Wednesday, April 26, 2017


Coming in at number 66 on our 1967 song countdown is the one major hit for folk-rocker Scott McKenzie, an artist who probably would have had a much bigger career were it not for one ill-timed decision.

A childhood and lifelong friend of John Philips, he and Philips spent most of the early years of their musical career figuratively teethered at the hip...starting two significant east coast market bands in the doo-wap oriented Smoochies, and later the folk-rock act The Journeymen, who recorded three albums and several singles in the early sixties.

But with the rapid stylistic changes that came with the British Invasion, The Journeymen disbanded, and McKenzie choose at that moment to finally pursue a solo career rather than head out west and accept Philips' invitation to join him on the lineup of a fledgling west coast act  - The Mamas And The Papas.

Needless to say, at least career wise, things panned out better for Philips than they did for McKenzie,
but despite his sudden success, Philips never forgot his friend, and in 1967 wrote and co-produced McKenzie's one monster hit - San Francisco (Be Sure To Wear Flowers In Your Hair) - the Summer Of Love's definitive anthem.

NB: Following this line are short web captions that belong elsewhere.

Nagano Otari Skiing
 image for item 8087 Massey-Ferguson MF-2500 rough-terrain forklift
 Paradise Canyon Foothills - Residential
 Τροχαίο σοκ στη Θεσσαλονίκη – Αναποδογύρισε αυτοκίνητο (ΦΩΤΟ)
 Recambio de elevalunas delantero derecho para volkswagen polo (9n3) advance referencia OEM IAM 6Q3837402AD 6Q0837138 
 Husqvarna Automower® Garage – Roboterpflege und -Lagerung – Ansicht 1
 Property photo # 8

Peaking at #4 on the US charts, and #1 overseas, San Francisco would ultimately land the #48 spot on Billboard's year end Hot 100 and sell over seven million copies, and is attributed as a genuine motivating factor in the rush of teens and young adults who descended upon San Francisco in the summer of 1967.

McKenzie would go on to have the occaissional minor follow-up success as either a perform or songwriter for others, and spent a good chunk of time in the eighties and nineties touring with a reformed version of The Mamas And The Papas, but never came close to achieveing the rampant success of San Francisco again.